> _WHAT IS BEING ASKED_
Pictures in the records below are skipped; the rest is copied exactly.

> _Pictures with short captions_
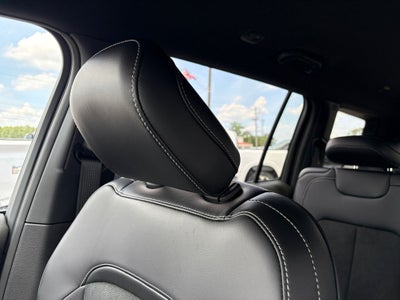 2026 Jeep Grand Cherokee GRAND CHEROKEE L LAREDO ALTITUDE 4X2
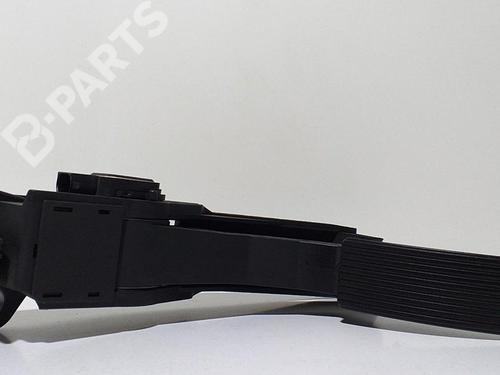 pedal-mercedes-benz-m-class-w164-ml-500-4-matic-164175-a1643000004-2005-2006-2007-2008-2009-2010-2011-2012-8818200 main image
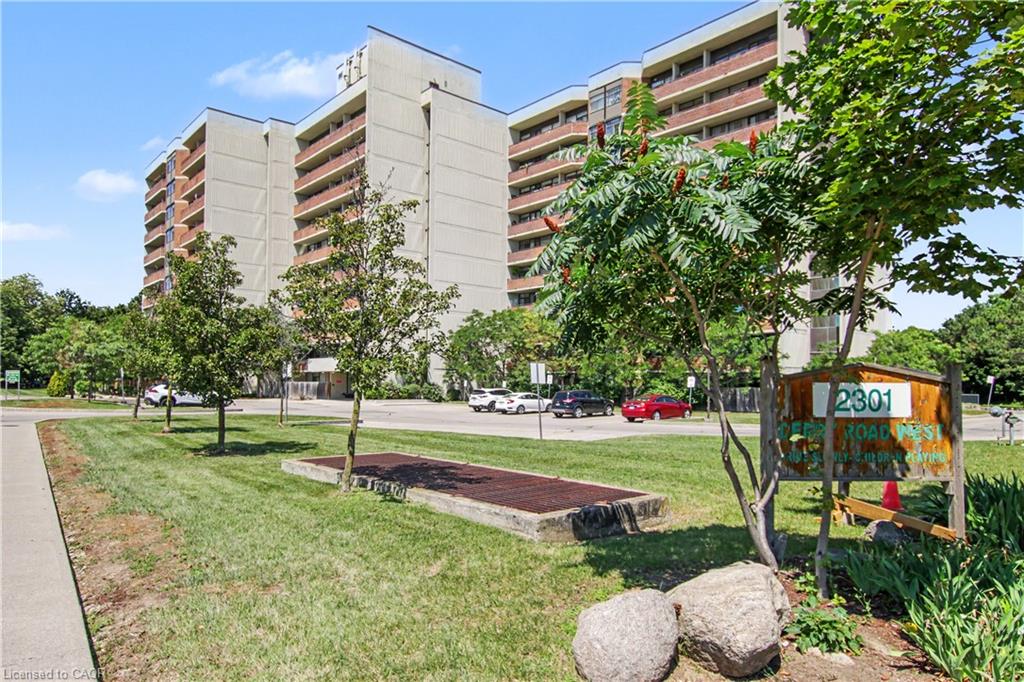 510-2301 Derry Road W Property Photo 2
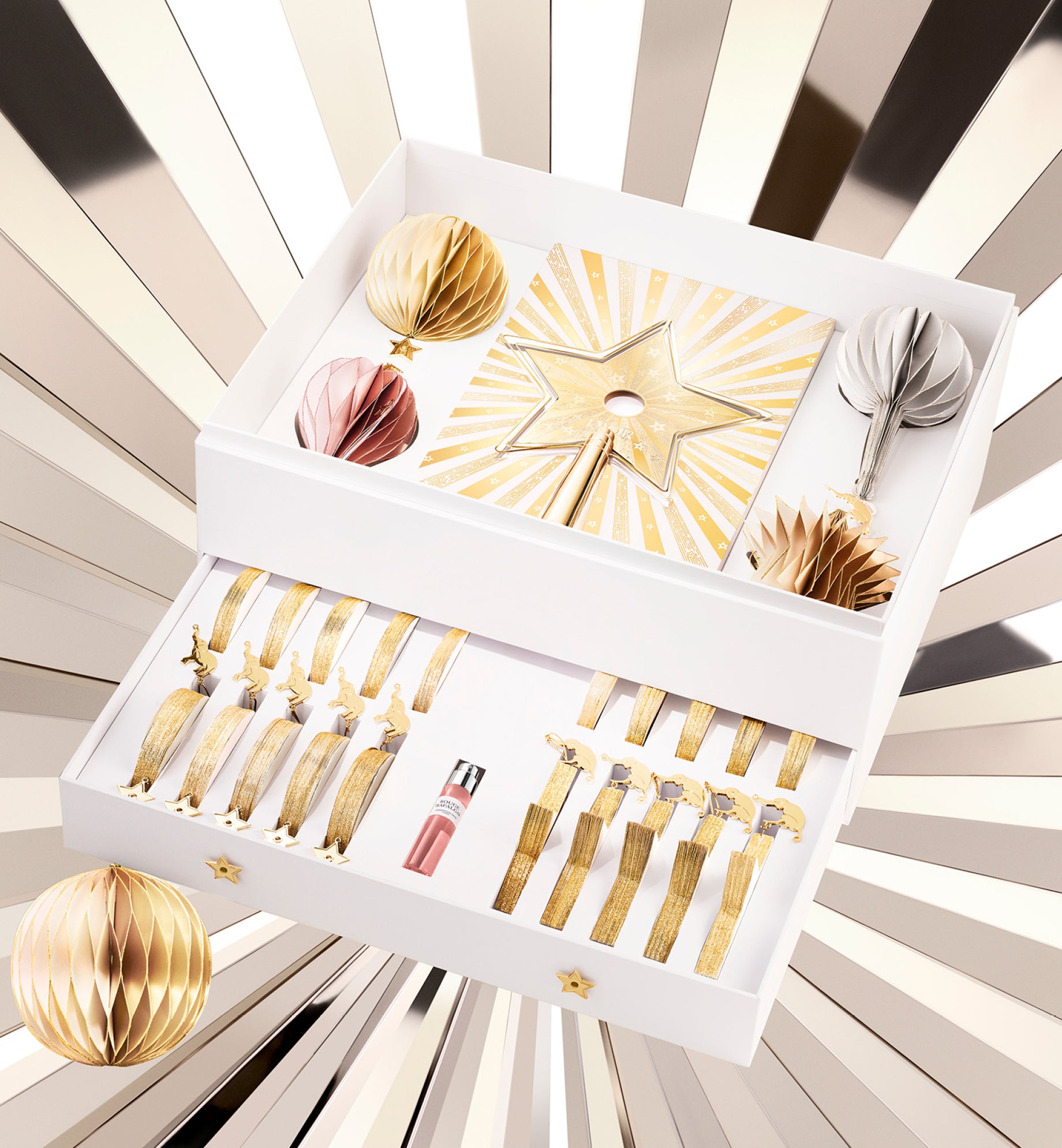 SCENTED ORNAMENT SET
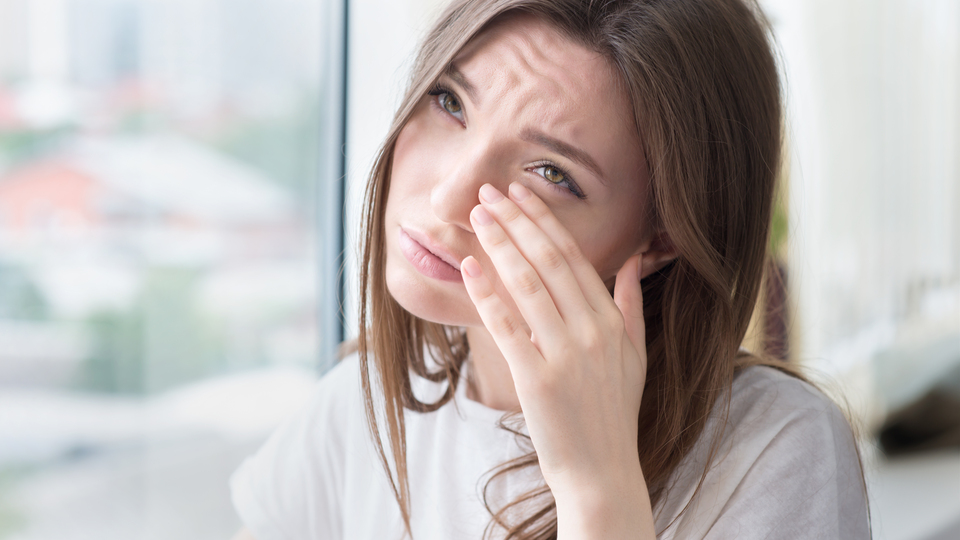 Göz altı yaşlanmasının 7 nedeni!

> _TASK SOLUTION_
 2026 Jeep Grand Cherokee GRAND CHEROKEE L LAREDO ALTITUDE 4X2
 pedal-mercedes-benz-m-class-w164-ml-500-4-matic-164175-a1643000004-2005-2006-2007-2008-2009-2010-2011-2012-8818200 main image
 510-2301 Derry Road W Property Photo 2
 SCENTED ORNAMENT SET
 Göz altı yaşlanmasının 7 nedeni!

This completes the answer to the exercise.